The advantages that have been displayed
Through the use of BNPL, consumers have profited from a wide range of advantages. For starters, its ease of use has meant that purchases using the payment method could be made with no friction during checkout, providing a simple shopping experience. The main USP of BNPL being the ability to delay payments and spread the cost, which means that it is easier on the pockets of consumers, especially those who have seen income slow down during the pandemic. Also, the payment plans offered are generally interest-free, meaning customers don’t end up getting charged extra when using this credit option for the service or goods they are buying.
With BNPL becoming increasingly popular as a payment method, retailers should look to implement the service to their checkout as data from ECOMMPAY showed that almost three quarters (71%) would be likely to abandon their checkout process if their preferred method of payment was not available. As with all financial plans however, if used incorrectly, the BNPL model can become slightly more taxing and disadvantageous.
How the model may prove disadvantageous to those not equipped to use it
When it comes to finances of any kind, it’s important to emphasise how, if the agreed system is not adhered to the letter, the consequences can leave a sour taste in the mouth. However, this all comes down to how the individual handles their payments.
More often than not, the BNPL provider will be the one deciding the due dates for the payment installations. Failure to meet the payment dates with the required amount can lead to high late fees. Not to mention, that it is also likely to negatively affect an individual’s credit score if the late payments are reported, which can cause complications with further purchases down the line. Ultimately, if a consumer misuses the system to make purchases with a pay later option, in the knowledge they still won’t have the credit available in the future to complete the transaction, debt can begin to mount – often compounding existing financial stress.
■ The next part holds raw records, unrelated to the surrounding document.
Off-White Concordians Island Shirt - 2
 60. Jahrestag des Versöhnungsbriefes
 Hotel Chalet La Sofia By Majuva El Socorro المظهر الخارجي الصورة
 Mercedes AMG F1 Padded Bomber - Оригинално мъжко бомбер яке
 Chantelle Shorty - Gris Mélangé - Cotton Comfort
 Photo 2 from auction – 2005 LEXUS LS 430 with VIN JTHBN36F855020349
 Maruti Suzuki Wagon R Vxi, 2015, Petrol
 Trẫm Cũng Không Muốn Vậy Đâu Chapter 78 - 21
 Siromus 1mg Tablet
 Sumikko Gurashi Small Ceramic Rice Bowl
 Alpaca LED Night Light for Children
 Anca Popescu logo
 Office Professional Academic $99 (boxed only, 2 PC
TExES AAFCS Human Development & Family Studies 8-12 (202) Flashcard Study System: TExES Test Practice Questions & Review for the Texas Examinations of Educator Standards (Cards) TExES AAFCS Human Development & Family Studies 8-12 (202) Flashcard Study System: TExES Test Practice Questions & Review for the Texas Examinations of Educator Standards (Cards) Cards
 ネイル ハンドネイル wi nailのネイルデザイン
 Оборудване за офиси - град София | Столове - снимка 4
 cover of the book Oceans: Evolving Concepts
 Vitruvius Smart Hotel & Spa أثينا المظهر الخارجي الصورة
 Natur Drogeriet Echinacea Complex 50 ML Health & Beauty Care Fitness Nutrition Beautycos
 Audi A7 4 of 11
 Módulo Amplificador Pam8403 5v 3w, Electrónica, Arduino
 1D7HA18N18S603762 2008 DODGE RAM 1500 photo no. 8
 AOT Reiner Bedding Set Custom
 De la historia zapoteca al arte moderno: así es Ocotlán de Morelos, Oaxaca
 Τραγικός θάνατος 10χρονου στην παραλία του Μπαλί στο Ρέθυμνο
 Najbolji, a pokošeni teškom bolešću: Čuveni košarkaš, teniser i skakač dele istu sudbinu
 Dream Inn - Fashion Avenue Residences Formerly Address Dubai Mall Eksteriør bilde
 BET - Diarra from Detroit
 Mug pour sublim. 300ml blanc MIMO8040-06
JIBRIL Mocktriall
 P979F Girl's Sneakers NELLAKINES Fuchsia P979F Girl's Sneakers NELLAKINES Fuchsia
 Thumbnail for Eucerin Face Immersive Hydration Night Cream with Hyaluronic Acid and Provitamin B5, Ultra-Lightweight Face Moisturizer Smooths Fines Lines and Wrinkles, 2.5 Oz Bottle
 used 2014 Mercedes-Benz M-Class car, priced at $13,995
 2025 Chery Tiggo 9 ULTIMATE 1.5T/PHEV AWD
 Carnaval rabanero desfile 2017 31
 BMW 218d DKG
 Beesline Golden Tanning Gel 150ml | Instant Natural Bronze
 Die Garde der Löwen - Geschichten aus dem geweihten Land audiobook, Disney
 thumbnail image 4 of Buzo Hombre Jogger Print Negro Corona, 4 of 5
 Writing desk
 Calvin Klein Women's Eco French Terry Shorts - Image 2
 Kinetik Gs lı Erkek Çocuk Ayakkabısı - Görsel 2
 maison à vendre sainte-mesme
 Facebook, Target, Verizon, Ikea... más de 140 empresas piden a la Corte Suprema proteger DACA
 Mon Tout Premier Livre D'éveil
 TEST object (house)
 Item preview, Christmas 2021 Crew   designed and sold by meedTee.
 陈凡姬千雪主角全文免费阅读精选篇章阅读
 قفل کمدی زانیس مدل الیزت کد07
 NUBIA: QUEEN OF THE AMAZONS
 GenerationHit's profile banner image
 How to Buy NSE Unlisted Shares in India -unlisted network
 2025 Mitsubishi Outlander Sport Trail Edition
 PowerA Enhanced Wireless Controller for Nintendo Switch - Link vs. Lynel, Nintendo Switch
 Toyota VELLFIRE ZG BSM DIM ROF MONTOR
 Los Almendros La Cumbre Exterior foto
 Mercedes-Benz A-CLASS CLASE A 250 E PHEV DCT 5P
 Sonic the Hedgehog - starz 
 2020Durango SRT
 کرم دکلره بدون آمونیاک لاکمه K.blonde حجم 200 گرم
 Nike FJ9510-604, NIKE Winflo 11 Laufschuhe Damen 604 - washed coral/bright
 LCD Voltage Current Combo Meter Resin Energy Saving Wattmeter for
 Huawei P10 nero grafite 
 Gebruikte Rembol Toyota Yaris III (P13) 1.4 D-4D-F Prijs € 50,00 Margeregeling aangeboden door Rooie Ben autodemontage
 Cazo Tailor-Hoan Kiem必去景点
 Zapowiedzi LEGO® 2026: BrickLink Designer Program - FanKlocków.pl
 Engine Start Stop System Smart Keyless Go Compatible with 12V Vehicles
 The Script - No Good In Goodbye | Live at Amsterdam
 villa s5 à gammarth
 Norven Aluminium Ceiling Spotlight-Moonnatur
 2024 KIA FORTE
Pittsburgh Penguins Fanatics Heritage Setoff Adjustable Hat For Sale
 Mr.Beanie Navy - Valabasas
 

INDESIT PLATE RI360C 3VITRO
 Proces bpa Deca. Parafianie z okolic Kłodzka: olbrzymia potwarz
It’s clear that, while the pros of this technology do outweigh the cons, how useful the BNPL can be to a consumer depends on their financial knowledge and discipline. Ultimately, the “disadvantages” only occur in the event that the customer is not handling their finances well in the first place. To the regular consumer who can meet payment dates on time, this method of payment can prove to be incredibly useful, and it is likely that even in the face of new regulations we will see further fintechs continue to innovate using the BNPL model, while also seeing increased adoption overall.